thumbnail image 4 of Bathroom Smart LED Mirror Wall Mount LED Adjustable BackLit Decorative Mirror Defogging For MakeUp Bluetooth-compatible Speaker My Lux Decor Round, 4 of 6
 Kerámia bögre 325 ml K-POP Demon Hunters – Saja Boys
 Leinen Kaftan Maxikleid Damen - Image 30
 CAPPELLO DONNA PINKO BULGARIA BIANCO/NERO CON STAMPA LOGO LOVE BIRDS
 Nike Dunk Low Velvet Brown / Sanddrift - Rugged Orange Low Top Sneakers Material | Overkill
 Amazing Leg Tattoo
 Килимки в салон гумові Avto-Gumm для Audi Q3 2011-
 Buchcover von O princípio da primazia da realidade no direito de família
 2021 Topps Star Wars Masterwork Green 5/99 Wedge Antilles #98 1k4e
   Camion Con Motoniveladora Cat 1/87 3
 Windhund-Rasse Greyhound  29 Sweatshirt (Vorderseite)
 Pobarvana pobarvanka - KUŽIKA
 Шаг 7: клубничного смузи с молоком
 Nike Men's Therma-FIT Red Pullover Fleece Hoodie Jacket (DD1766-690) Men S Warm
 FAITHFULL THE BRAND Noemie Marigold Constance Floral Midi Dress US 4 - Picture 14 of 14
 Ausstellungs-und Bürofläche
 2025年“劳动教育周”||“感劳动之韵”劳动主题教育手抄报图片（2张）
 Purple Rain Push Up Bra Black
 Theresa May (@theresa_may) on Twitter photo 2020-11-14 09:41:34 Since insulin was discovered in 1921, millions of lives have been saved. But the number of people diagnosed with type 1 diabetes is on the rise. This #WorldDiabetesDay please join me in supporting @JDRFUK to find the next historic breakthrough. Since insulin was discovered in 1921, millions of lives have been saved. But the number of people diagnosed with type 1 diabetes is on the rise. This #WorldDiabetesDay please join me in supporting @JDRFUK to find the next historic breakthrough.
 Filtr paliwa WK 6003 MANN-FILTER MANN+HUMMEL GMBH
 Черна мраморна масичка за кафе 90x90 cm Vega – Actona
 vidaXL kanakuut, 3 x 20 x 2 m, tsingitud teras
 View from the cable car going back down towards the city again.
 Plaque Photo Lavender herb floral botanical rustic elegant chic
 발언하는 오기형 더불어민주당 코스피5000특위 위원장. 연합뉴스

______

● YOUR TASK
Copy the lines that hold the word "Nike". Take them from the records above.

● ANSWER TO THIS PROBLEM
 Nike Dunk Low Velvet Brown / Sanddrift - Rugged Orange Low Top Sneakers Material | Overkill
 Nike Men's Therma-FIT Red Pullover Fleece Hoodie Jacket (DD1766-690) Men S Warm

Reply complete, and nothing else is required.